**EXERCISE PROMPT**
Would you transcribe the line that holds "464 Meadow Spring Drive Troy, MO 63379", plus every line beneath it through the end of the data, exactly and with nothing added?

**THE DATA**
**********

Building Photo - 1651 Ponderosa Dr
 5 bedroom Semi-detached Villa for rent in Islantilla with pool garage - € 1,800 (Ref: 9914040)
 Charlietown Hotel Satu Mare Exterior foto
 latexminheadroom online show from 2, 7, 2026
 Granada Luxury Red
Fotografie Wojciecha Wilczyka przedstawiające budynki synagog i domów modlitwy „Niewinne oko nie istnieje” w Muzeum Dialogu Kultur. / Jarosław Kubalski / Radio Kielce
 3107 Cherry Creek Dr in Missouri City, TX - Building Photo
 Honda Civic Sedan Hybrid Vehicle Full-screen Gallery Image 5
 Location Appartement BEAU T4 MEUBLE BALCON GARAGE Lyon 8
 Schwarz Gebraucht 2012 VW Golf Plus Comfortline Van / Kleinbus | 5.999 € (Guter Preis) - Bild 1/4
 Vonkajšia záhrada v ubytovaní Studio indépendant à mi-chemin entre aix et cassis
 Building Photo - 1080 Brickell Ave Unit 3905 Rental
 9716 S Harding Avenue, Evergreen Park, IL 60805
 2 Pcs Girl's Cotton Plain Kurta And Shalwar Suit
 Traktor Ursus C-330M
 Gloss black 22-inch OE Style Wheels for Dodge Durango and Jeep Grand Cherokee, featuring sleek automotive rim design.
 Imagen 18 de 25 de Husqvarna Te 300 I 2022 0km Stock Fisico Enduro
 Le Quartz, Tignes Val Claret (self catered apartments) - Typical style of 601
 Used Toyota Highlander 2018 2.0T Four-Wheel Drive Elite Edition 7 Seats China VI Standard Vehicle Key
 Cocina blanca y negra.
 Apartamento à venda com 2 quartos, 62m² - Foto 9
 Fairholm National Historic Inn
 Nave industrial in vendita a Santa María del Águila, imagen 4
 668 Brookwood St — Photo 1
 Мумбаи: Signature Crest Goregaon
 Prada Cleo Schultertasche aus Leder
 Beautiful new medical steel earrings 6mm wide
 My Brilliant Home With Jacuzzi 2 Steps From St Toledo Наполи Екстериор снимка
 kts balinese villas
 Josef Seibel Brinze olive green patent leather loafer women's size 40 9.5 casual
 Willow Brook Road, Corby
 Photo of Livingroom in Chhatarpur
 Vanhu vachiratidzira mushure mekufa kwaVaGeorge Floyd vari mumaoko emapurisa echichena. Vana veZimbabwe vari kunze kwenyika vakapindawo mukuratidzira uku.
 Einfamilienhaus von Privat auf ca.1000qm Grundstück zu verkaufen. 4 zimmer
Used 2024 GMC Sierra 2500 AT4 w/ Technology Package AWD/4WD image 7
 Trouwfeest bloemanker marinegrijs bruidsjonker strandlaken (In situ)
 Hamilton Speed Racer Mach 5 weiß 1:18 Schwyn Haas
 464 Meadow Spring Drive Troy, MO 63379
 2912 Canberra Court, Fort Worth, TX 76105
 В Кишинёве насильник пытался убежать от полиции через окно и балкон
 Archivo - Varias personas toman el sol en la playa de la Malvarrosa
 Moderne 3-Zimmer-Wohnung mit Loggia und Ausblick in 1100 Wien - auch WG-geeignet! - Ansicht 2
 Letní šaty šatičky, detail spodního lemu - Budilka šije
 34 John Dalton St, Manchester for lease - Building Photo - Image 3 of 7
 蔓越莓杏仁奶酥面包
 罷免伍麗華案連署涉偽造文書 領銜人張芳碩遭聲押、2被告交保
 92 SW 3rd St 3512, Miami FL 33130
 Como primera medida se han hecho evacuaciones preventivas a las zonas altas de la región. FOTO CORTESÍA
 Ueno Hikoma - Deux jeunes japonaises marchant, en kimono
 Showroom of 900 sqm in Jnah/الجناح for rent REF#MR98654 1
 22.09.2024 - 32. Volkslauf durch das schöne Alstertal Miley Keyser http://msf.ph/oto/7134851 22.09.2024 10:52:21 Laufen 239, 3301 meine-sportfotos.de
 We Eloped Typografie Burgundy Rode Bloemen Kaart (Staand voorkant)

**********

**EXERCISE RESULT**
 464 Meadow Spring Drive Troy, MO 63379
 2912 Canberra Court, Fort Worth, TX 76105
 В Кишинёве насильник пытался убежать от полиции через окно и балкон
 Archivo - Varias personas toman el sol en la playa de la Malvarrosa
 Moderne 3-Zimmer-Wohnung mit Loggia und Ausblick in 1100 Wien - auch WG-geeignet! - Ansicht 2
 Letní šaty šatičky, detail spodního lemu - Budilka šije
 34 John Dalton St, Manchester for lease - Building Photo - Image 3 of 7
 蔓越莓杏仁奶酥面包
 罷免伍麗華案連署涉偽造文書 領銜人張芳碩遭聲押、2被告交保
 92 SW 3rd St 3512, Miami FL 33130
 Como primera medida se han hecho evacuaciones preventivas a las zonas altas de la región. FOTO CORTESÍA
 Ueno Hikoma - Deux jeunes japonaises marchant, en kimono
 Showroom of 900 sqm in Jnah/الجناح for rent REF#MR98654 1
 22.09.2024 - 32. Volkslauf durch das schöne Alstertal Miley Keyser http://msf.ph/oto/7134851 22.09.2024 10:52:21 Laufen 239, 3301 meine-sportfotos.de
 We Eloped Typografie Burgundy Rode Bloemen Kaart (Staand voorkant)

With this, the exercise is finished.